Hier gibt es den zweiten großen Marine- und Bootsausrüster der Insel und wir sortieren unsere Wartungs-to-do-Liste. Der Ölwechsel macht das Rennen, er ist schon länger fällig und wir wagen uns an diese nicht allzu schwere Aufgabe („30 Minuten - länger kann das nicht dauern“). Drei YouTube Videos später sichten wir die Gegebenheiten und stellen fest, es fehlt noch ein Schlauch. Also ab in den Marine Shop und wieder zurück. Das dauert seine Weile. An der Kasse registriert man sich mit seinen Bootspapieren, um steuerfrei einkaufen zu können. Das kann locker mal 15 Minuten extra dauern (sind ja auch sage und schreibe zwei Dokumente, die man sichten muss) und wehe dem, der noch andere Kunden vor sich in der Schlange hat. Wir versuchen uns im Liming und realisieren, uns wird die Aktion vermutlich den halben Tag kosten. Zurück am Boot, kippen wir eine Flasche Öl nach der anderen rein und schauen schon nervös, ob unten vielleicht ein Loch in der Ölwanne ist. Wie viel Öl kann da reinpassen? Nochmal ab in den Marine Shop, noch mehr Öl kaufen, noch mehr Schlange stehen. Unser Motor ist ein Schluckspecht und am Ende wandern sagenhafte 13 Liter in unseren 6 Zylinder. Dafür schnurrt er danach wie frisch gestreichelt und wir haben erstmal wieder Ruhe.
Clarkes court bay
Nach ein paar Tagen ist Zeit für einen Perspektivenwechsel und wir ziehen eine Bucht weiter. Die Squalls, die immer häufiger durchziehen, lassen uns etwas länger als geplant die Wellen auf dem Atlantik genießen. Vor lauter Liming am Ankerplatz haben wir fast vergessen, wie sich hohe Wellen auf See anfühlen. Unsere anvisierte Bucht - die Clarkes Court Bay - liegt unter einer dunklen Gewitterwolke und man sieht kaum Land, schon gar nicht das Riff oder die Bojen zur Einfahrt. Wir bekommen weiter draußen nur den Regen und Böen um die 30 Knoten ab und warten lieber auf offener See, bis der Spuk vorbei ist.
Südostküste Grenada
Die Clarkes Court Bay ist durch Riffe und eine kleinere, vorgelagerte Insel verhältnismässig gut geschützt. Nachdem der Squall durchgezogen ist, manövrieren wir gemeinsam mit der Ronja eine Weile kreuz und quer durch das Ankerfeld. Die Meinungen des optimalen Ankerplatzes gehen auseinander. Wir suchen: Wenig Schwell, ein bisschen Wind aber nicht zu viel. Wir finden: Ruhig und windstill, Wasserqualität fraglich. Mitten im Bojenfeld gefällt es uns und wir werfen den Anker. Die Bucht ist zurecht gut besucht. Wir sind umgeben von dichtem, grün leuchtenden Mangrovenwald und lauschen abends wieder dem Surren und Zirpen der Tierwelt.
Clarkes Court Bay
Morgens gegen 07.30 Uhr sitzen wir mit dem ersten Kaffee vor unserem Funkgerät. Das Cruisers Net auf Channel 66 informiert über anstehende Events, das beste Lunch Angebot und wie man an Benzin für sein Dinghy kommt. Es wird auch über das Wetter diskutiert und ob man den amerikanischen Wetterdiensten nach Trumps Rasur noch trauen kann. Vergnügt lauscht man allen Infos und fischt sich das Interessanteste raus. Herrlich old-school.

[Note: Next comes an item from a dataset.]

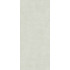 PVC wall panel | 120x280 cm | VYGO Wall Limestone Beige XL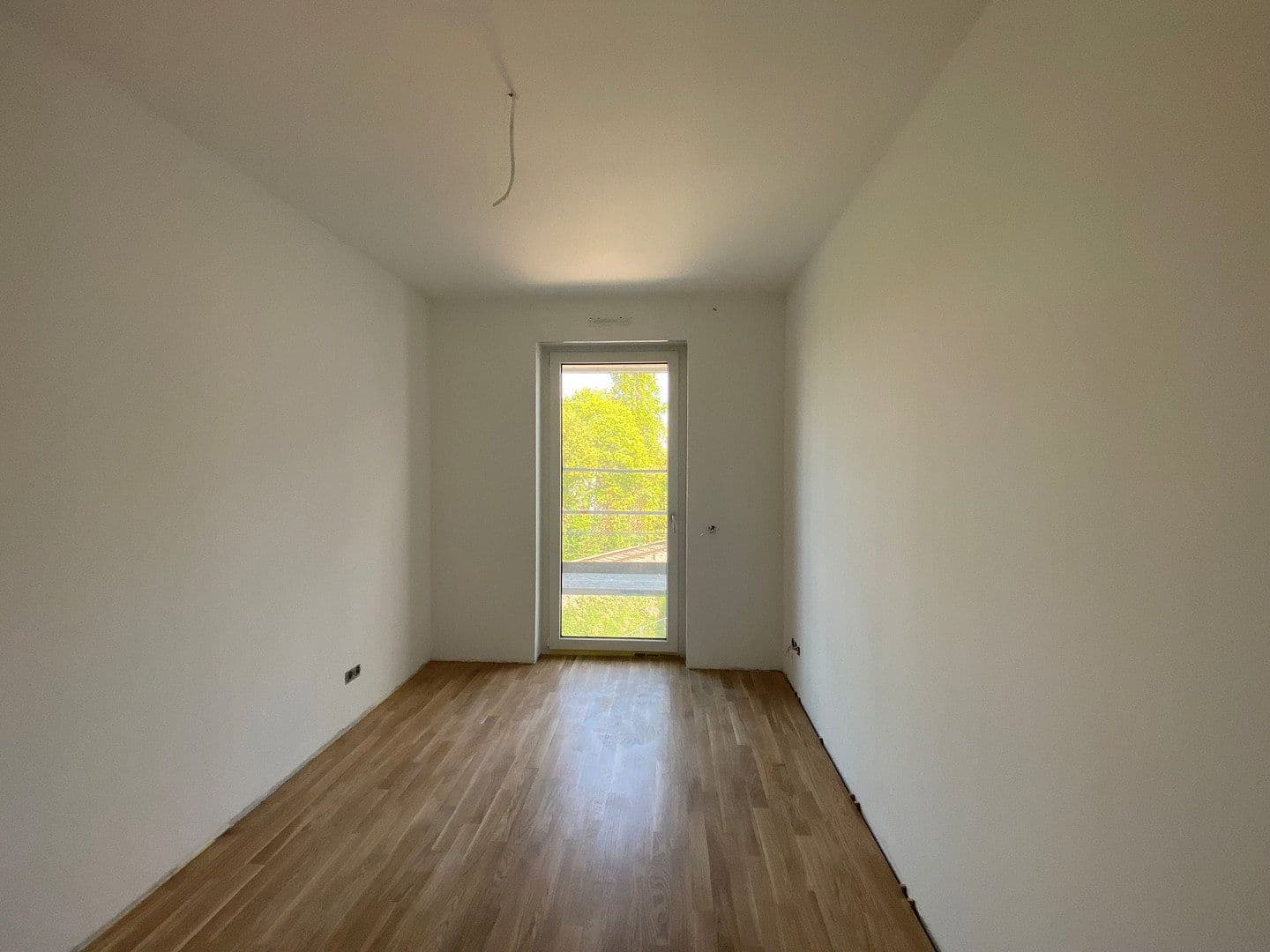 Pronájem bytu 4+1 105 m², Speyer, Porýní-Falc Pronájem bytu 4+1 105 m², Speyer, Porýní-Falc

Danach widmen wir uns kleineren Arbeiten am Boot. Taue spleißen, Mastfuß abdichten, Nähte am Bimini reparieren, Regal erneuern, Wassermacher warten, Ladegerät der Lichtmaschine umbauen, Kompass montieren. Wenig Zeit für das Liming.
Donnerstags ist bei Nimrods, der Bar ums Eck, die nächste Jam-Session. Wunderbare Gelegenheit, das Liming zu üben. Es wird reichlich konsumiert während man Musik auf Gitarre, Bass, Flöte, Trommeln, Rasseln und natürlich dem Gesang lauscht. Am Anfang noch schüchtern, erreichen die Auftritte in der Mitte des Abends den Höhepunkt bevor sie gegen Ende wieder skurril werden und man besser gehen sollte, wenn es am Schönsten ist. Wir machen Fortschritte im Liming, genießen es aber noch mehr, anderen Leuten dabei zuzuschauen.
Hog island
Samstags landen wir auf dem Flohmarkt auf Hog Island (Cruisers Net Channel 66 sei Dank). Ein kleiner Strand mit Holzverschlag, Hängematten, einer Bar und ein paar Tischen lädt zum Flohmarkt ein. Es tüdelt Musik und das erste Bier ist schon längst offen, als wir um 10 Uhr das Dinghy an den Strand ziehen. Dreibeinige Hunde laufen von links nach rechts, alte Dinghy-Motoren hängen an den Bäumen und im Hintergrund erstreckt sich dichter Mangrovenwald. Wenn man hier nicht anständig limen kann, wo dann? Nach dem Hören-Sagen gibt es hier ein paar entspannte Aussteiger, die auf ihren Booten vor der Insel sesshaft geworden sind und wie in einer Kommune leben. Die Boote sind zum Teil recht klein und man kann sich nur schwer vorstellen, wie sowas mal in See stechen will. Der Flohmarkt ist überschaubar und wir werden trotzdem fündig. Eine Befestigung für unser Dinghylicht und ein Hafenhandbuch für Kolumbien wandert für einen schmalen Taler in unseren Besitz, bevor wir vor der Mittagshitze zurück in unsere Boote flüchten.
Strand von Hog Island
Sonntags sind wir bei anderen deutschen Seglern zum Essen eingeladen. Es gibt Kartoffelsalat mit gegrillten Würstchen - ein Stück Heimat findet sich recht einfach auf dieser Welt. Wir tauschen unsere Geschichten über die schlimmsten Bootsprojekte aus, schwärmen über die schönsten Passagen und schwadronieren bei lokalem Rum über die aufregenden Erlebnisse unserer bisherigen Reise. Immer wieder treffen wir uns mit anderen Seglern und stellen fest, unabhängig der Größe des Bootes, des Alters der Crew und der unterschiedlichen Lebensentwürfe - wir haben alle die gleichen Herausforderungen und uns verbindet am Ende die Neugierde auf unsere Welt, die Abenteuerlust auf das Unbekannte und die grundlose Zuversicht, dass am Ende alles gut werden wird.
Genug vom liming?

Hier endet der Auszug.